So after reaching out to the good folks over at Frontline Gaming, I have indeed gotten some more detailed data from the Las Vegas Open. One of the analyses I have planned is a bit of a beast, so rather than wait for that to be finished, I thought I’d put up a little side thought I had: How are the scores in tournament games distributed? Do they get closer in later rounds?
Read on to find out.
This post was a little bit inspired by another blog musing about how to prevent really ugly first-round match ups in fun/narrative tournaments, because nobody wants to start their day of a friendly even by getting their teeth kicked in. I may have some more detailed musings on that later, but it prompted another, more fundamental question: What does the distribution of round-by-round scores actually look like? Is a tournament dominated by nail-biters, or blowouts?
One might think, because of the way Swiss pairing works, that the scores narrow over time. The first round should be all over the place as lower-tier players (yours truly) get matched up with people who have the chance to go all the way, etc. But later rounds are matching up people with similar scores – presumably those games should be somewhat tighter. This potentially has a big influence on the way you plan for a tournament: if the scores narrow over time, the relative contribution of early rounds to a player’s score is greater, making early morning games more important to carry. In this way it would work a little bit like the adaptive scoring system for the GRE test one takes to get into graduate school in the U.S. – the first few questions are massively influential on your score, while the last are at best going to change things by a point or two. This would also have implications for those tournament players who enjoy an adult beverage the night before, and might not be at their best for the first few games.
But, as it turns out, this is not the case.

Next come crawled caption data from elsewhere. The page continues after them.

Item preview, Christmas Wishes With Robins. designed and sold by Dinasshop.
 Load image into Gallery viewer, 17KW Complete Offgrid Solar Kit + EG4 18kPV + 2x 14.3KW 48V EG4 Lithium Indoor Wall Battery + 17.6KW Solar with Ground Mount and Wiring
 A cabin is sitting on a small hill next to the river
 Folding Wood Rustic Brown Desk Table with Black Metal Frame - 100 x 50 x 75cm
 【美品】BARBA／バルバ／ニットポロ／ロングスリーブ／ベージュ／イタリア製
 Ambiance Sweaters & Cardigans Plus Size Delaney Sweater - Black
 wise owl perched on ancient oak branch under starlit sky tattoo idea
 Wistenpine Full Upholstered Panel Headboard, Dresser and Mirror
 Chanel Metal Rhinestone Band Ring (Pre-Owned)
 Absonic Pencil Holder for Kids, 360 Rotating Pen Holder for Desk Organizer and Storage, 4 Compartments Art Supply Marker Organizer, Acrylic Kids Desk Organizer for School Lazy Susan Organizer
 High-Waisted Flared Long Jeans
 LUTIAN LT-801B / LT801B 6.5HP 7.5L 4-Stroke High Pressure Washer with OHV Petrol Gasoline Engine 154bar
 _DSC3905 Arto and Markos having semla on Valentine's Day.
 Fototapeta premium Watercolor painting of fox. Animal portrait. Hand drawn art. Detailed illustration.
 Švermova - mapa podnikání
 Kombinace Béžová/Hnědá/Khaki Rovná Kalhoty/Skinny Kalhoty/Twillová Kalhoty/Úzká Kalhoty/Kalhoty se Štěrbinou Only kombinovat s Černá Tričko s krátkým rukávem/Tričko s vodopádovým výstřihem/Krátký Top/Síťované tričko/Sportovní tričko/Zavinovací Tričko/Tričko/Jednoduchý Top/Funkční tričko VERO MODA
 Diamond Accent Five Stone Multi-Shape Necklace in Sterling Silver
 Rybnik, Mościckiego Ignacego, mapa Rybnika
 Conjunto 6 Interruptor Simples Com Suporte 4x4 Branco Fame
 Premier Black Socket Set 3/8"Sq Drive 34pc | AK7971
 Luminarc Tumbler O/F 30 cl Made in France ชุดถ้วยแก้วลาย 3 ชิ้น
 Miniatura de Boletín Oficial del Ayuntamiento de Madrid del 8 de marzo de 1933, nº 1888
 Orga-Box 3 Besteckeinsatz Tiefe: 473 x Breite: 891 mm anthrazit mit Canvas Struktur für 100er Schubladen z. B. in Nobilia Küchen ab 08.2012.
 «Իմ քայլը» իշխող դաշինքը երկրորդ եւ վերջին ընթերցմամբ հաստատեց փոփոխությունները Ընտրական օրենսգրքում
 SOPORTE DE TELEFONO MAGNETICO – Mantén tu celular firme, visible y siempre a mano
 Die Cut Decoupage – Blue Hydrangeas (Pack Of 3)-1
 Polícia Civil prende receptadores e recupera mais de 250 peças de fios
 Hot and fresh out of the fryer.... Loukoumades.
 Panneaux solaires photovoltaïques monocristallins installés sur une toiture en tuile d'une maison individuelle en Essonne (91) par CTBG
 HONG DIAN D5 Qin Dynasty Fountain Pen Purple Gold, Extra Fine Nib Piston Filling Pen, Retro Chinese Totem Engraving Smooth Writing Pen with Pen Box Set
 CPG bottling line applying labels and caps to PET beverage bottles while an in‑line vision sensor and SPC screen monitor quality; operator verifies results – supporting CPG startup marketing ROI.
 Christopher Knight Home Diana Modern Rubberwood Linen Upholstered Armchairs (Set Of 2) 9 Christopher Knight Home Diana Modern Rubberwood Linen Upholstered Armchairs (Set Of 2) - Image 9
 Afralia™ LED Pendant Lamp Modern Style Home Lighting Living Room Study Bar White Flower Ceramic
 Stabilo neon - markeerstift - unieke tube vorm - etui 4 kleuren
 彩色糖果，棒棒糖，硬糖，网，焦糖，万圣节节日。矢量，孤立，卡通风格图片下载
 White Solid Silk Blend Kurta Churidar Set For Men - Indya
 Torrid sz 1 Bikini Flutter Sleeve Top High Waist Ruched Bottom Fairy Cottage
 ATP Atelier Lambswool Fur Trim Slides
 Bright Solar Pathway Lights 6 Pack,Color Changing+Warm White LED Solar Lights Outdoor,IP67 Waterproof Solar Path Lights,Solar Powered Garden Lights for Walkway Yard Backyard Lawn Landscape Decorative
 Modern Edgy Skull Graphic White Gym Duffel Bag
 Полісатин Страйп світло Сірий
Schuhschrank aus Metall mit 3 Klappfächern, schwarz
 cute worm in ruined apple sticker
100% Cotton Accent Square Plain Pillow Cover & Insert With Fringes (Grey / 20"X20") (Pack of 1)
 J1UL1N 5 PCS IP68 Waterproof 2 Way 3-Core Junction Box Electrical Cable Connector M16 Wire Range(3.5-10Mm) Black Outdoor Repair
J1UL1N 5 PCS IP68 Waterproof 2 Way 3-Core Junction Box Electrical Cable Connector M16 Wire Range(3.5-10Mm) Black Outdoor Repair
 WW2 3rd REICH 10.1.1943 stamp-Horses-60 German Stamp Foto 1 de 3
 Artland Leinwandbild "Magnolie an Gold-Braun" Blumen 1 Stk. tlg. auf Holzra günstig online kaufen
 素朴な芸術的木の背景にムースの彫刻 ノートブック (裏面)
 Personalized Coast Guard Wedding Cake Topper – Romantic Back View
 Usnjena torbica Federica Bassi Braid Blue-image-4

To look at this, I took the difference in scores between paired opponents, broken up by round, for the first six rounds of the LVO. The later rounds were small, and largely determining the winner from a much smaller pool, so I threw them out. Here’s what those differences look like:
Lets break this figure down a little bit. The odd shape for each round is the distribution of the differences in scores in that round – fatter areas indicate more games fell into that category. So, for example, that big bulge around 10 in round one? Indicates that a large number of the round one games had a total difference in scores between the players of 10. And overall, that’s a pretty consistent trend – every round has a hump at the “blowout” end of the spectrum, while really only Round 3 has a substantial number of tight games, where the difference in scores is quite close. Also interesting is that the “average” score (a ~7 point difference) actually happens quite infrequently: the average tournament game never really happens.
What’s this mean? First, that those who are dragging a bit in the early morning need not worry so much – there’s not a significant trend for narrowing scores as the day goes on. It may also mean that the multiple mission objectives from the ITC aren’t working as intended. For those who are curious:
Players score each mission in the ITC Scenarios separately, which then generate Mission Points to determine who wins the scenario.
The Dawn of War and Maelstrom missions are worth 4 Mission Points if won, 2 mission points to each player if the mission is tied, and 0 mission points if the mission is lost.
Each Bonus Point is worth 1 Mission Point. This generates a score of between 0-11 Mission Points.
The preponderance of 10 and 11 point differentials in the results indicates that, generally, the army that carries Dawn of War is also carrying the Maelstrom missions and picking up bonus points. If the intention of the different objective types are to have different armies claiming different aspects of the mission, followed by a showdown to see if being stronger in one area or another is enough, that seems to only happen in a minority of games.
Alternately, it could simply mean that tournament-level Warhammer 40K isn’t actually a game that produces close results, but is rather dominated by a “go big or go home” paradigm where there’s always a very clear winner. There are likely other explanations that I’m not seeing at the moment, and I’d be interested to hear them. Determining which is the case is, in the immortal words of any number of academic papers, left as an exercise to the reader.